Paving the Way to Paradise







From the beginning, both administrators and visitors prioritized increasing access to the park via roads. Early visitors to the park came on foot, by rail, and increasingly, by automobile. Park administration and interested developers surveyed roads and speeded access to areas like the Paradise valley. The War Department surveyed and built the road to Paradise, completing work in 1915. Other road construction depended upon funding and when available, the park saw road construction projects throughout its first 30 years. In 1921, for example, the government appropriated enough money to improve the Nisqually Road and start the Carbon River Road. Access from the eastern Cascades began with the White River Road and construction for State Route 410 from 1916 to 1930.




Accommodations and services have developed over the past 100 years as well. At Longmire's Medical Springs in 1884 and Paradise Park's tent camp in 1896, visitors could find shelter even before the park was established. With the opening of the National Park Inn 1906 and Paradise Inn in 1917, visitors could visit the park with all the comforts of home. Other amenities introduced over the course of the Park's history included trail development, a Paradise ski rope tow, a golf course in the early 1930s, and the Rainier National Park Company's guide service in 1916.
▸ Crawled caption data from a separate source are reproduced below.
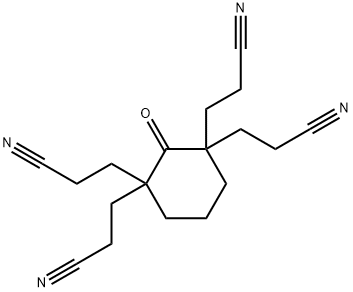 3-[1,3,3-tris(2-cyanoethyl)-2-oxo-cyclohexyl]propanenitrile Structure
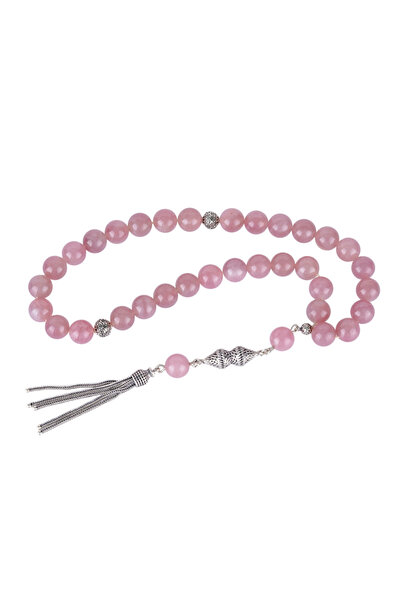 OEMS Natural Madagascar Rose Quartz Tasbih – High Quality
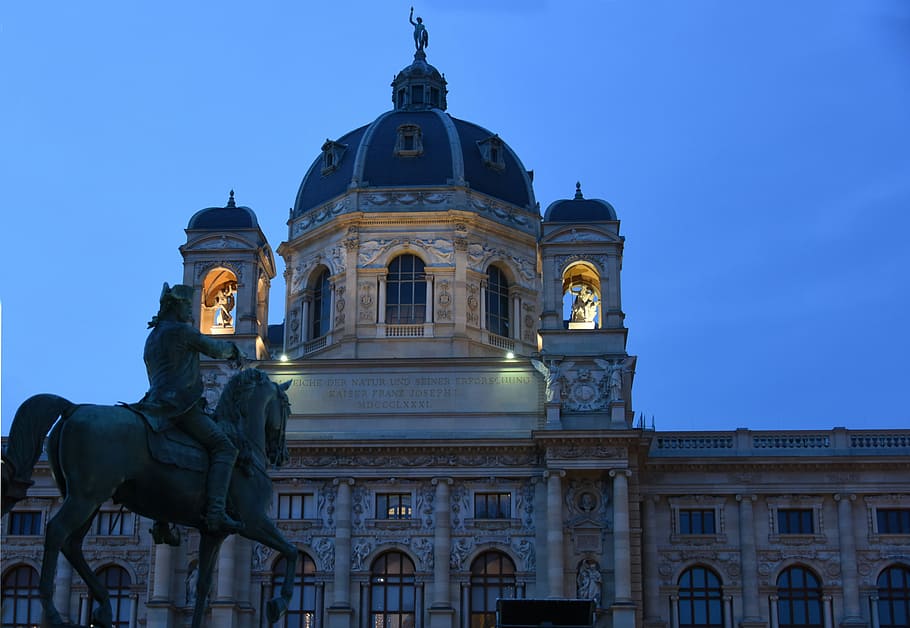 Vienna, Austria, Architecture, Palace, hofburg, night, lights HD wallpaper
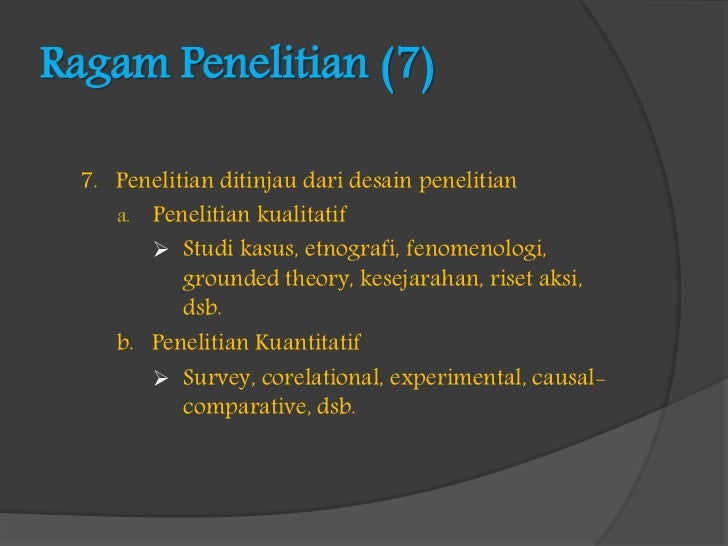 Metode Penelitian Kualitatif untuk Riset Berkualitas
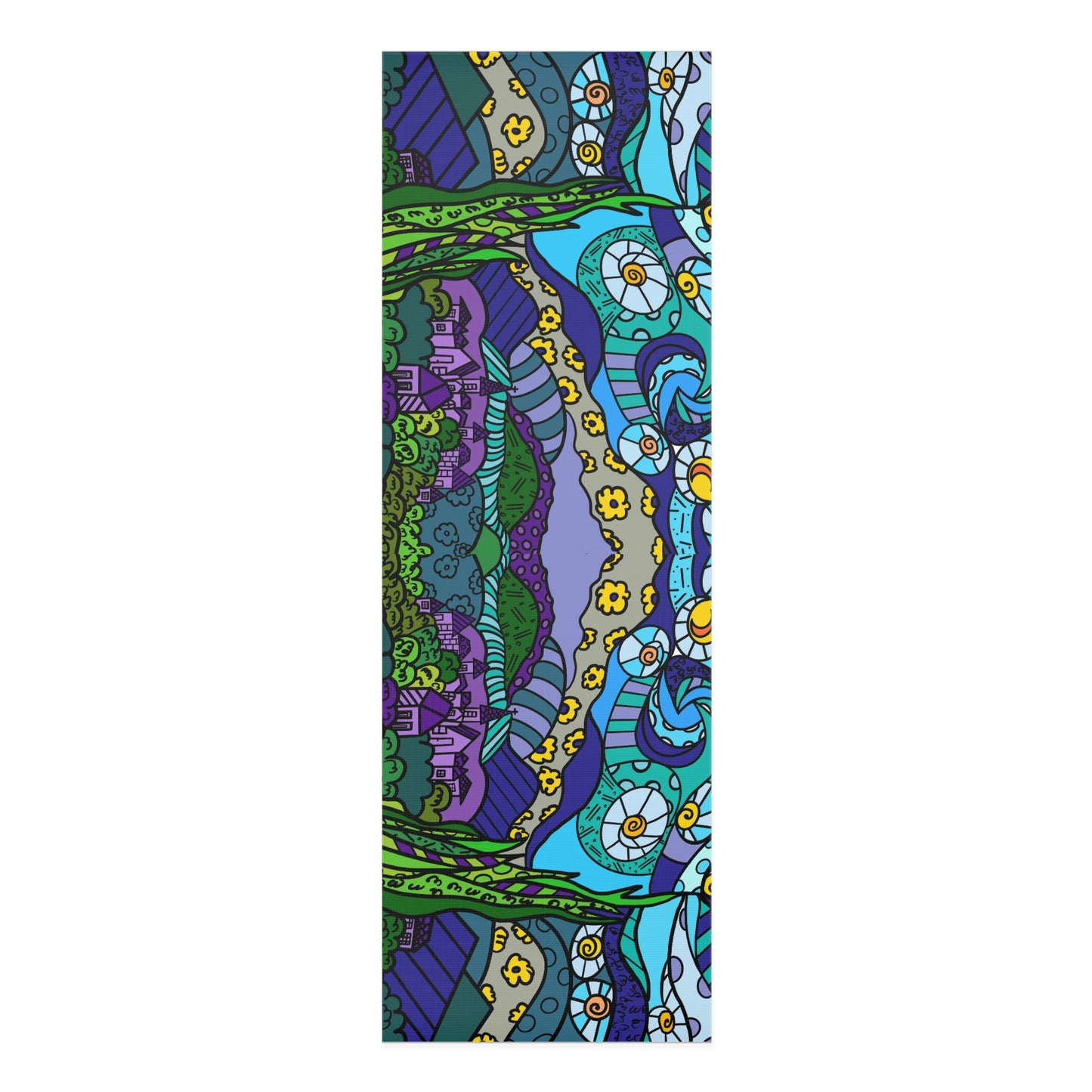 Starry Night Foam Yoga Mat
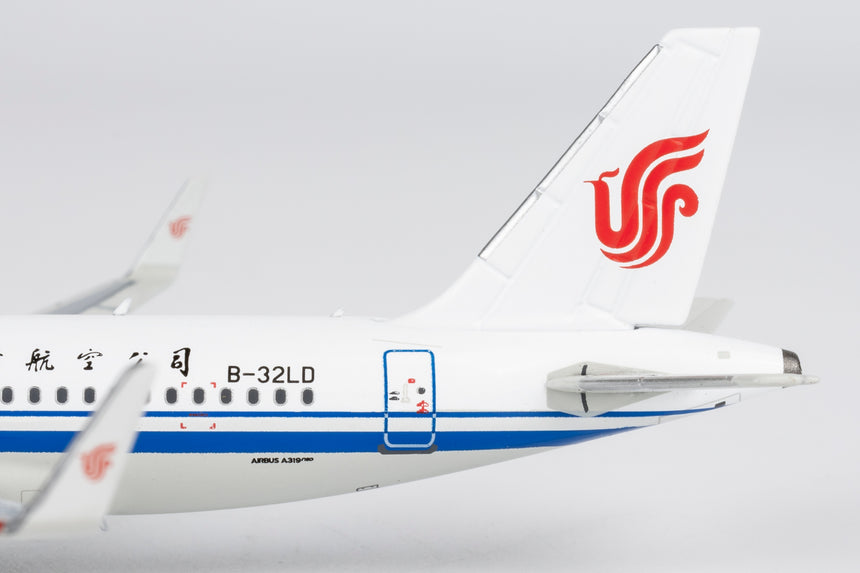 NG Models Air China first A319neo for Air China Airbus A319neo B-32LD 1/400 Aircraft Scale Model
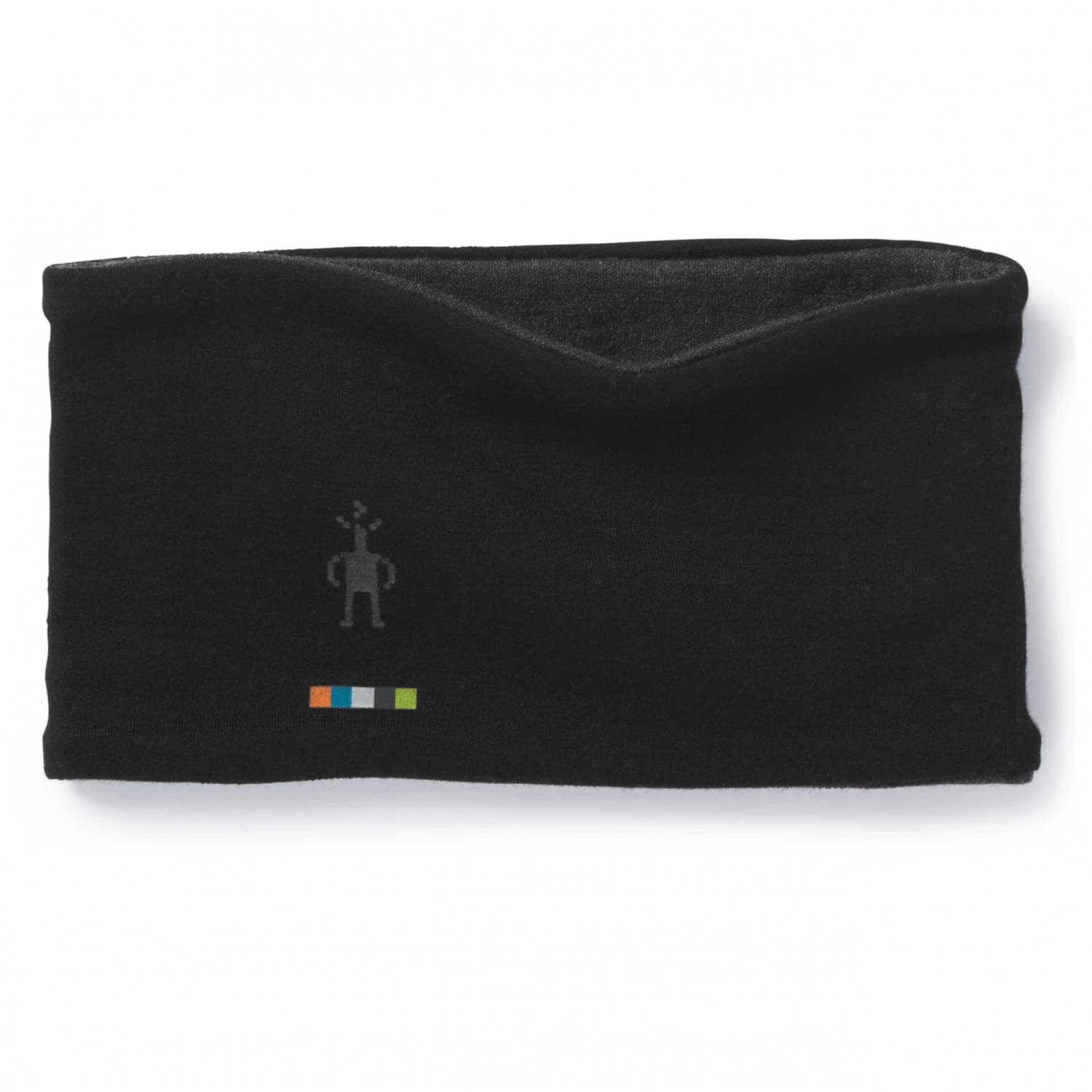 Лента за глава Smartwool Merino 250 Reversible Headband - Black / Charcoal Heather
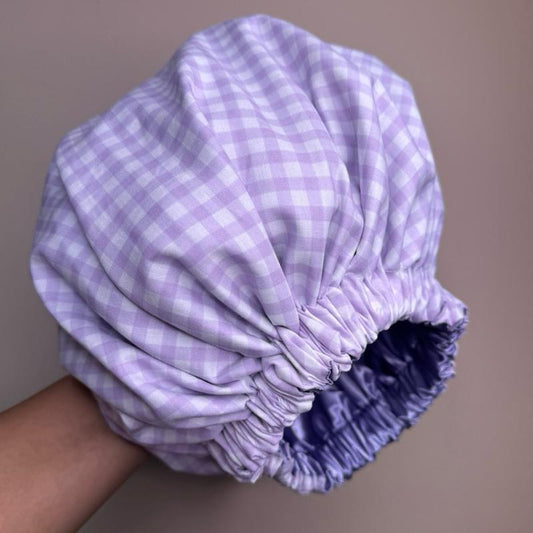 Purple Gingham Bonnet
Climbing the mountain often means an overnight at Camp Muir at 10,000 feet.

"Three buildings huddle at the base of the rubbly Cowlitz Cleaver: the A-frame ranger hut, a plywood dormitory where Rainier Mountaineering clients pass the night, and RMI's stone cook shack, which has a neat Dutch door and was designed by the famous Seattle architect Carl Gould." --Bruce Barcott, The Measure of a Mountain, 1997, p. 138.